* BRIEF:
Pictures are to be left out; otherwise, copy exactly the lines from the line containing "petite sexy21 online" through the end of the data.

* GIVEN DATA:
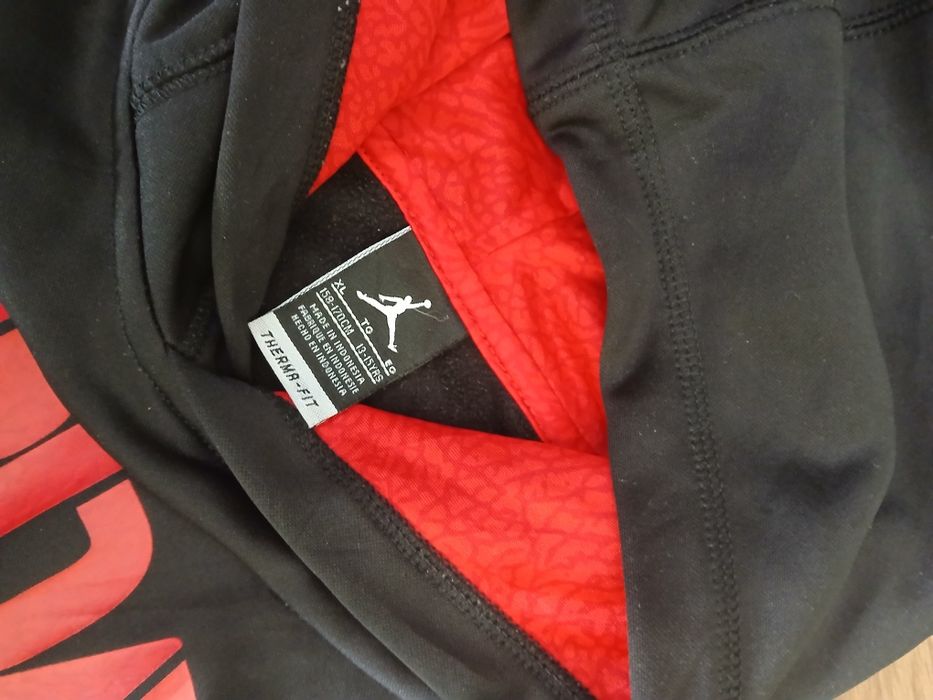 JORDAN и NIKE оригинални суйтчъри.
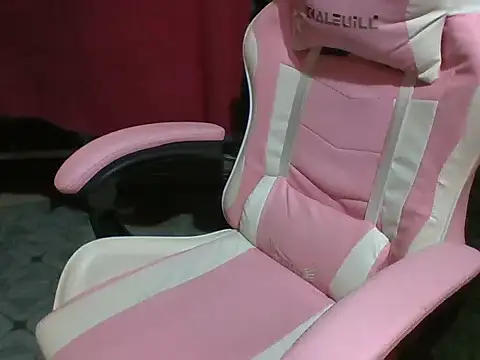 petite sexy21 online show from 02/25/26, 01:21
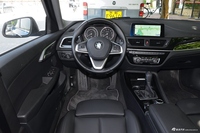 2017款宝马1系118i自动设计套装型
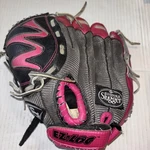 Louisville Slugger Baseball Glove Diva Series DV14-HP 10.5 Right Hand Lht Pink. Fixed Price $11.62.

* YOUR RESPONSE:
 petite sexy21 online show from 02/25/26, 01:21
 2017款宝马1系118i自动设计套装型
 Louisville Slugger Baseball Glove Diva Series DV14-HP 10.5 Right Hand Lht Pink. Fixed Price $11.62.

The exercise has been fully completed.